EXERCISE BRIEF: Without the pictures, copy all of the data exactly.

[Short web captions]

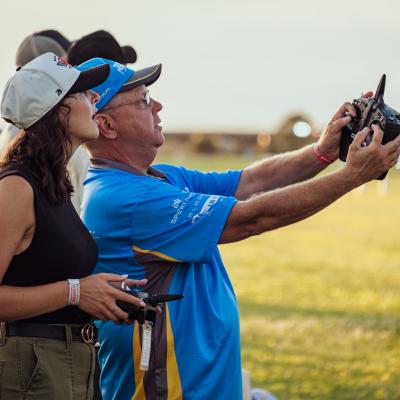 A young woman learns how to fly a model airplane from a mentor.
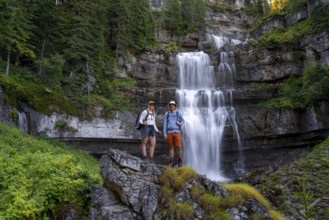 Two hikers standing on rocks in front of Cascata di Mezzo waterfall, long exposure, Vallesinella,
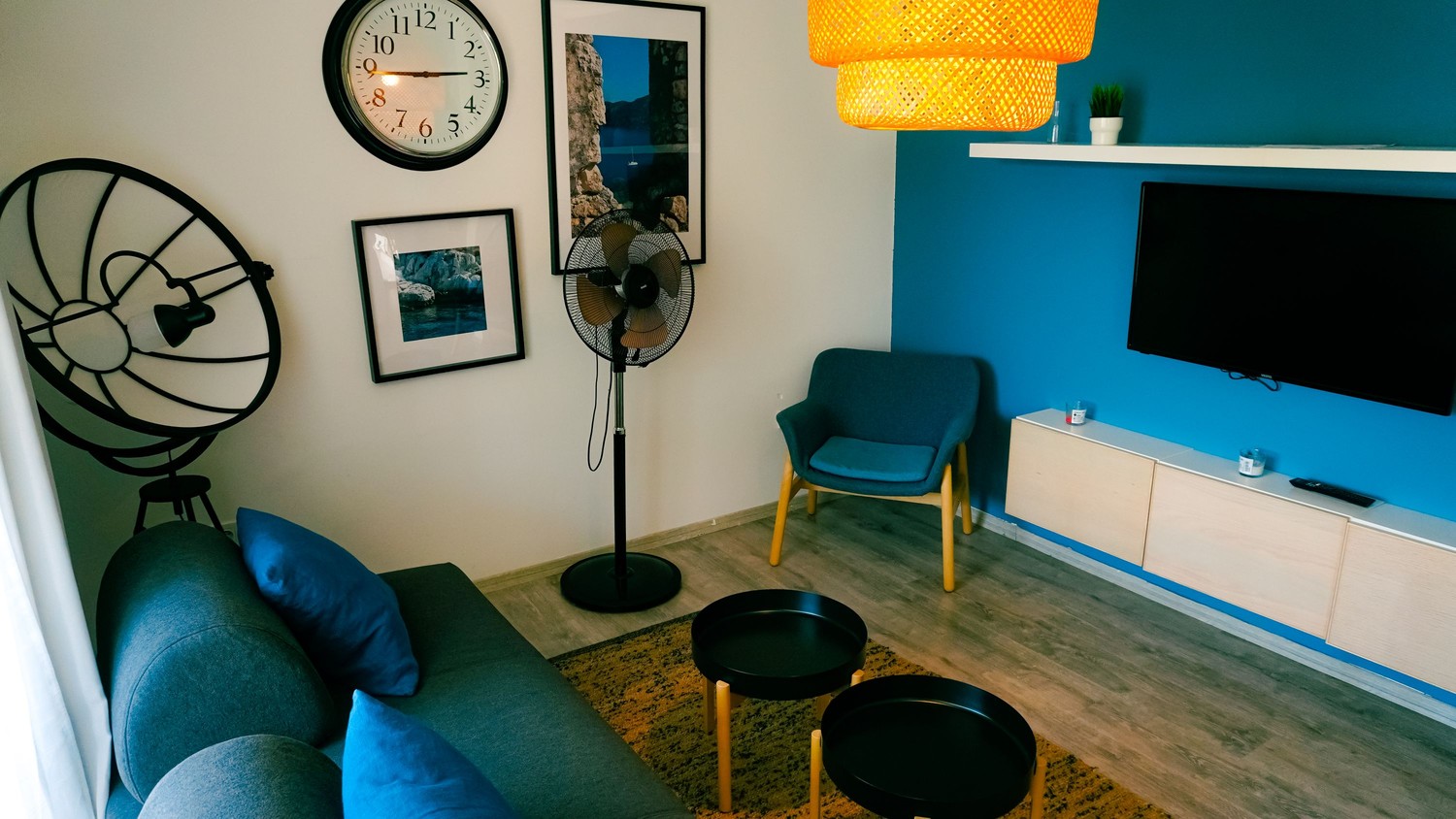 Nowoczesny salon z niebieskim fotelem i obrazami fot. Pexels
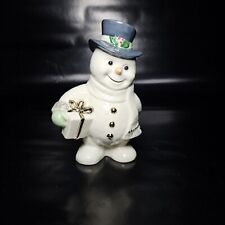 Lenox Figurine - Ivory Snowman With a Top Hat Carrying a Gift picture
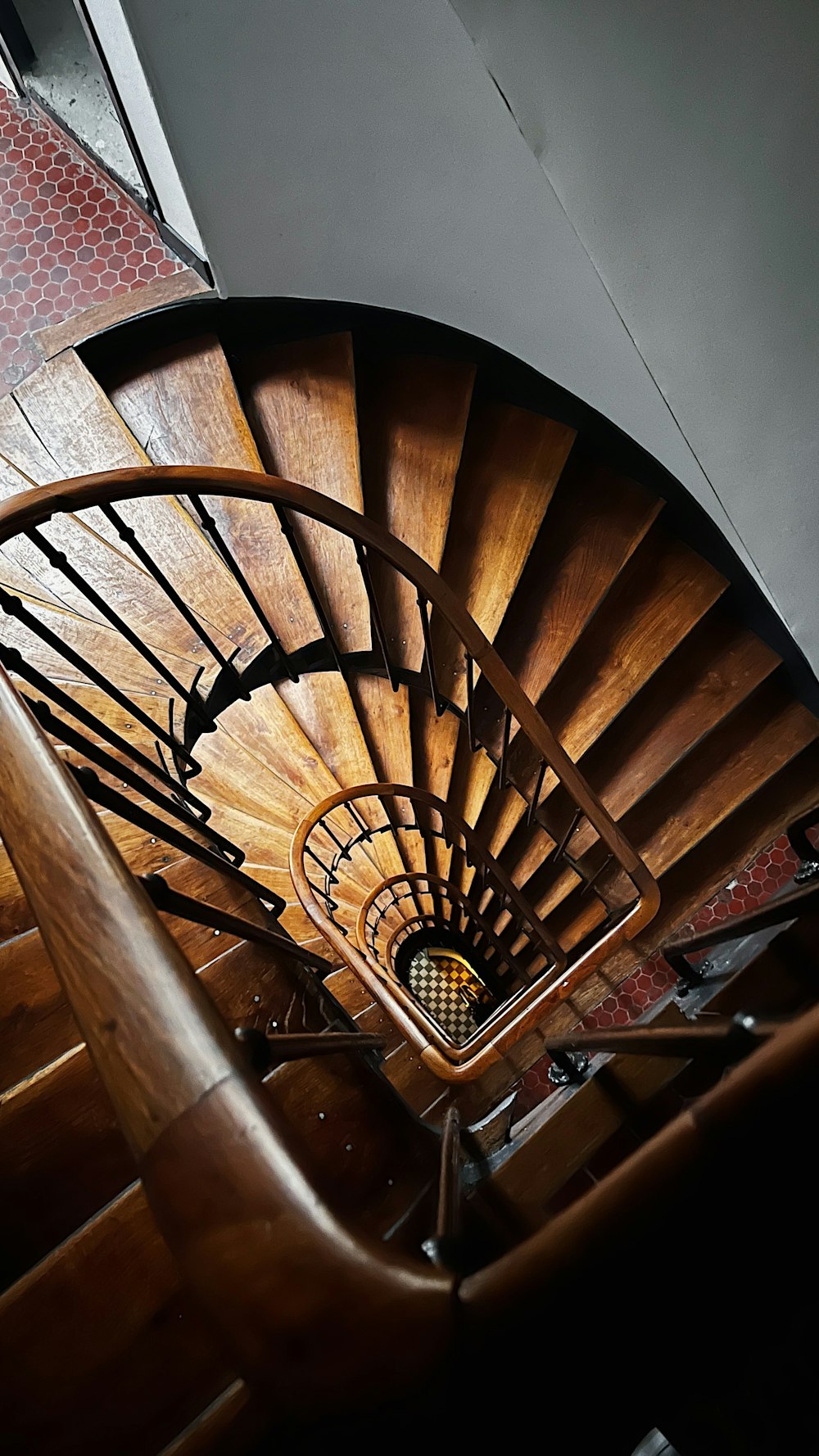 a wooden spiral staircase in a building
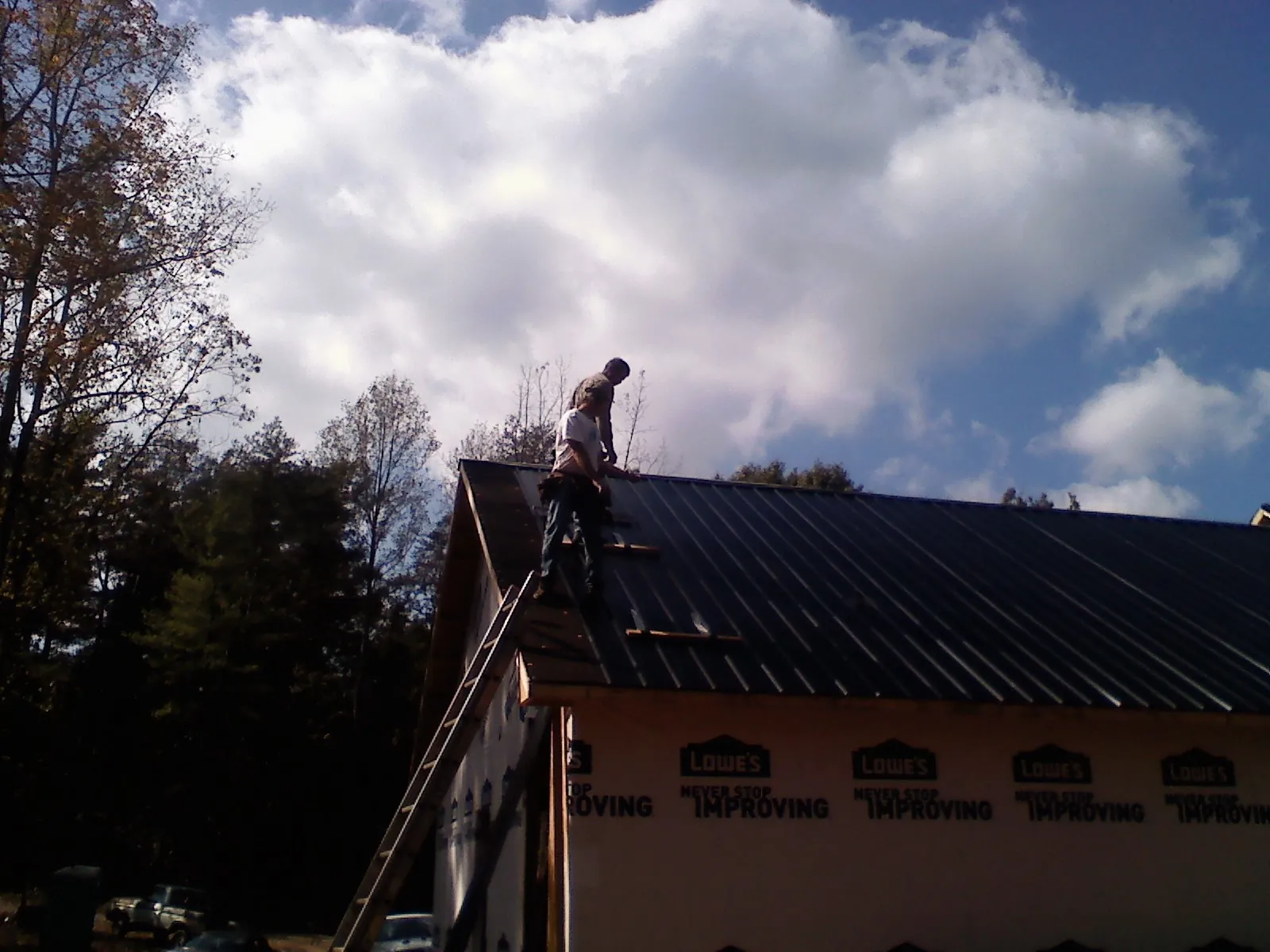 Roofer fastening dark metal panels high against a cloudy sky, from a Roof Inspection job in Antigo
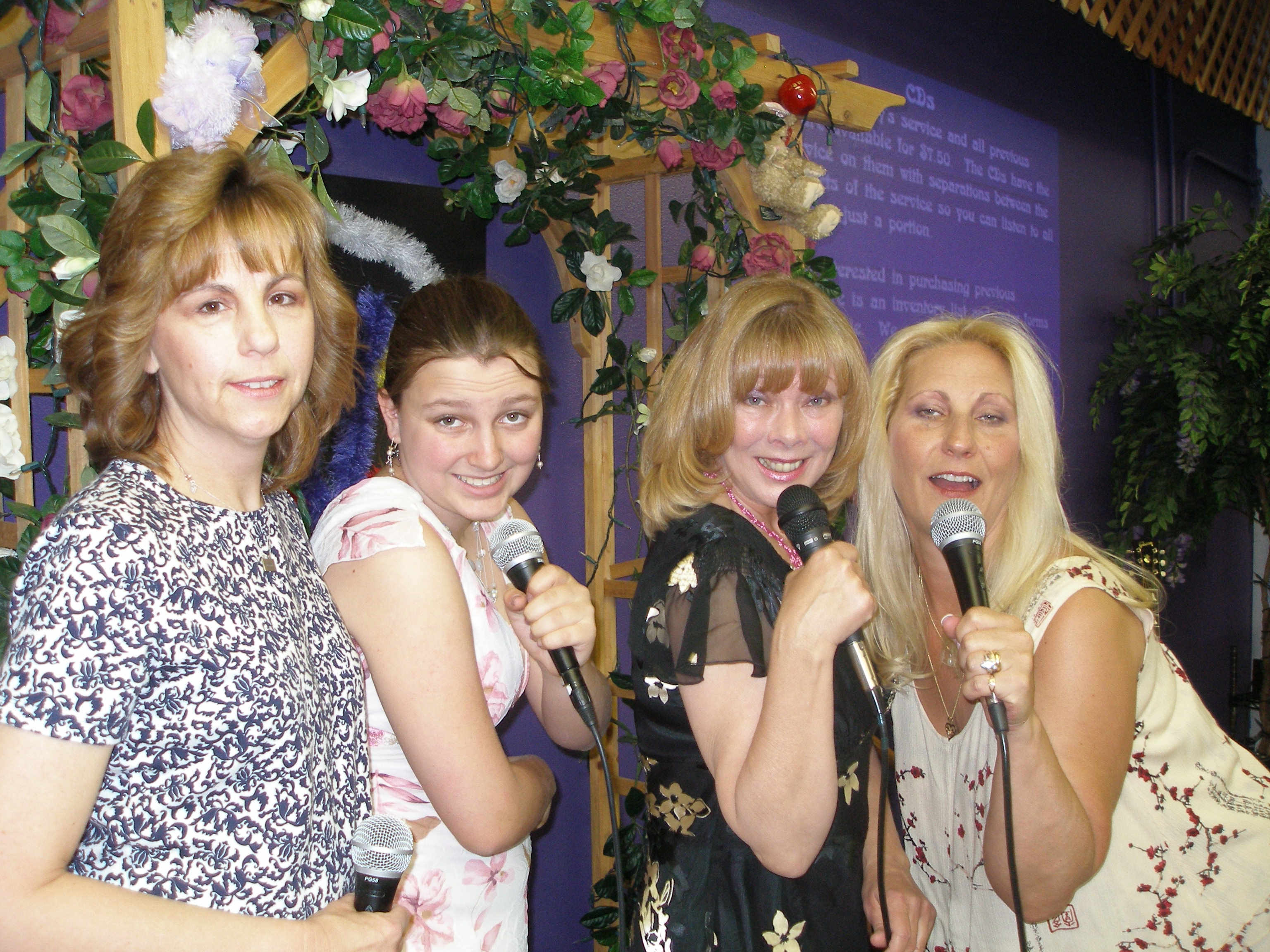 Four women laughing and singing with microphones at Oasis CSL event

RESULT OF THE EXERCISE:
 A young woman learns how to fly a model airplane from a mentor.
 Two hikers standing on rocks in front of Cascata di Mezzo waterfall, long exposure, Vallesinella,
 Nowoczesny salon z niebieskim fotelem i obrazami fot. Pexels
 Lenox Figurine - Ivory Snowman With a Top Hat Carrying a Gift picture
 a wooden spiral staircase in a building
 Roofer fastening dark metal panels high against a cloudy sky, from a Roof Inspection job in Antigo
 Four women laughing and singing with microphones at Oasis CSL event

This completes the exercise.